- ASSIGNED TASK: Leave out every picture and set down, exactly, the lines below from the one holding "NATIVE ROOTS COLORADO trademark" up to and including the one holding "Nắm rõ hình thức cược VN88 cá cược CSGO".

- RECORD SET:
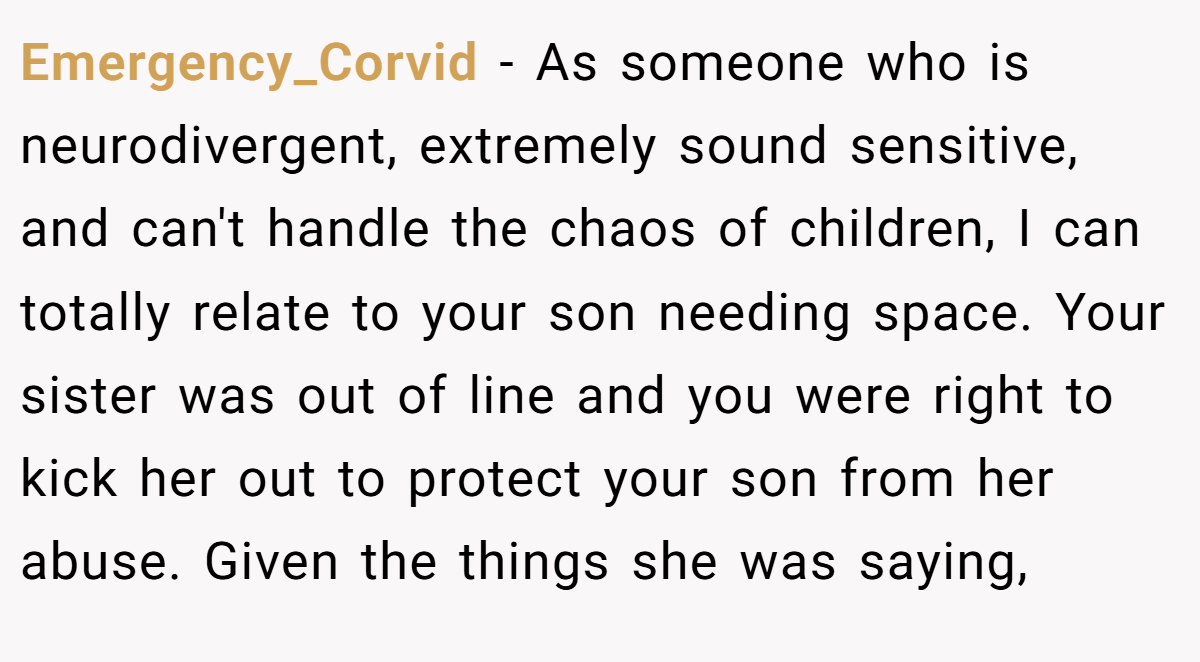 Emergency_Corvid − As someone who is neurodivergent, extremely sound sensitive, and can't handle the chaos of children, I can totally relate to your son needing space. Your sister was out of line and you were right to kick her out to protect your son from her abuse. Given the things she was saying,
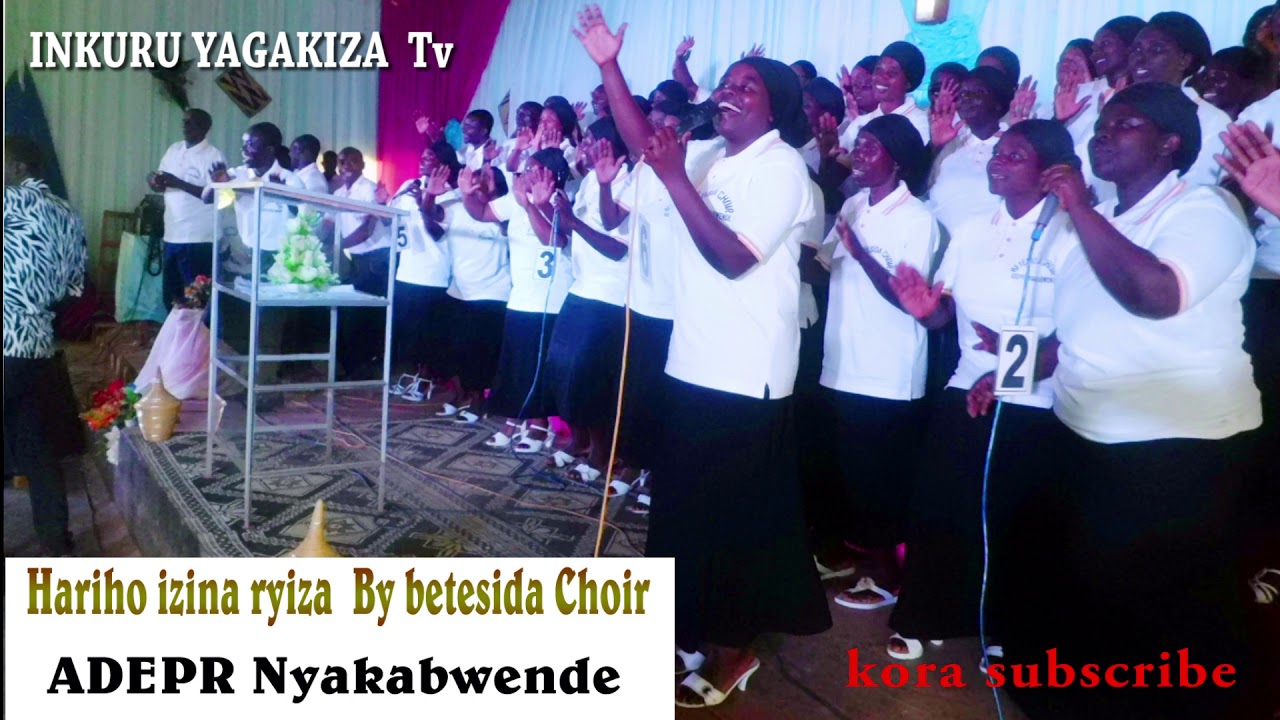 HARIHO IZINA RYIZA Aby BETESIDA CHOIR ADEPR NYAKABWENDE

...

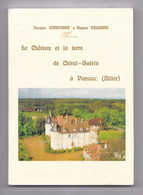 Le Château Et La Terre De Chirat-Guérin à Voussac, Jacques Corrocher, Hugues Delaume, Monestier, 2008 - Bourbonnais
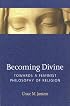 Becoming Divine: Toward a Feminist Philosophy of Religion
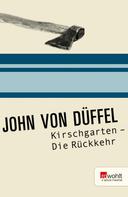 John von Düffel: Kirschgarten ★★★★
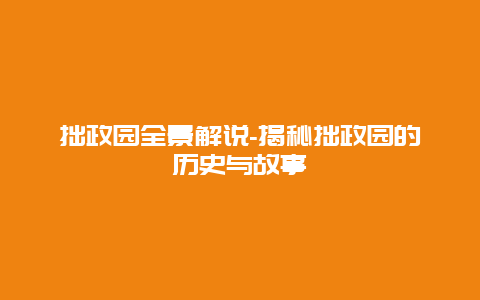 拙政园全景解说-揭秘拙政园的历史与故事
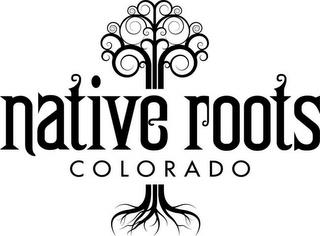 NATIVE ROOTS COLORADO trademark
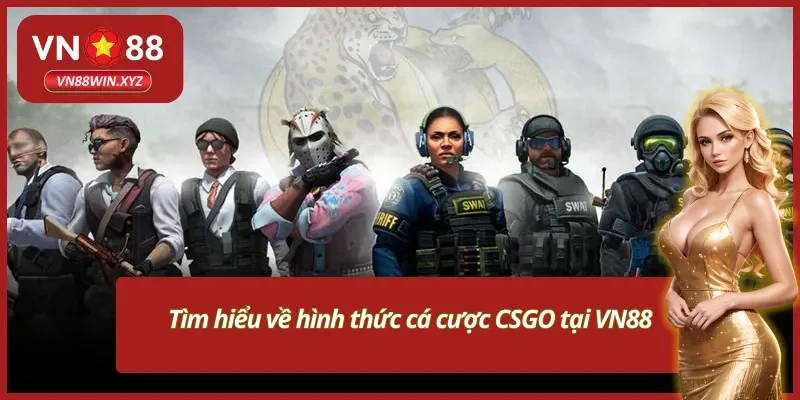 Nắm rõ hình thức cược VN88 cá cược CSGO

- RESPONSE FOR THIS EXERCISE:
 NATIVE ROOTS COLORADO trademark
 Nắm rõ hình thức cược VN88 cá cược CSGO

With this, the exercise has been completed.